---------- DATA PROVIDED ----------
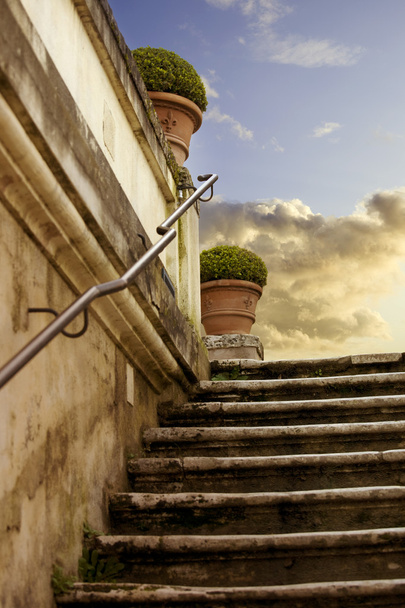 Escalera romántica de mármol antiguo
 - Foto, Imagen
----------
---------- DATA PROVIDED ----------
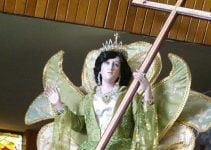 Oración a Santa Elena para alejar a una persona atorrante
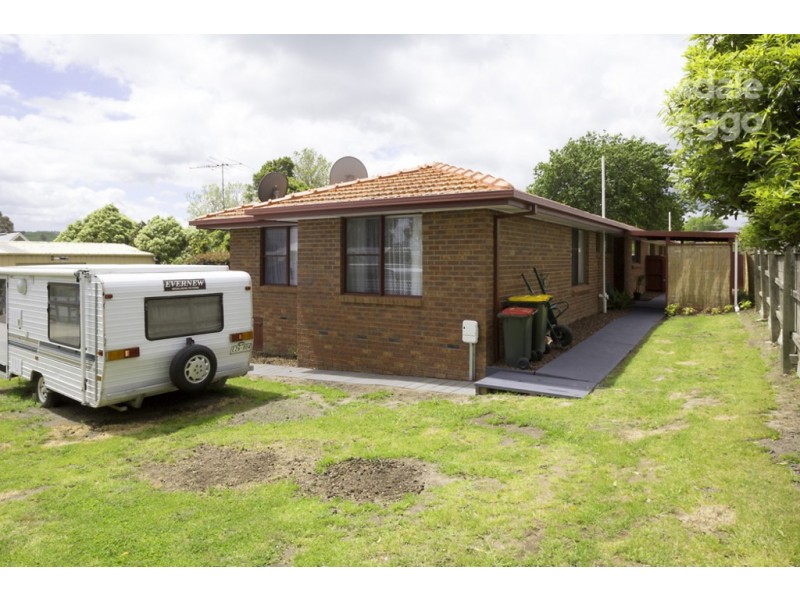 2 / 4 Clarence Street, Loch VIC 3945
----------
## [TASK]
Each line above that falls between the line with "Escalera romántica de mármol antiguo" and the line with "- Foto, Imagen" should be printed exactly, together with those two lines, but the pictures should not.

## [OUTPUT FOR THIS TASK]
 Escalera romántica de mármol antiguo
 - Foto, Imagen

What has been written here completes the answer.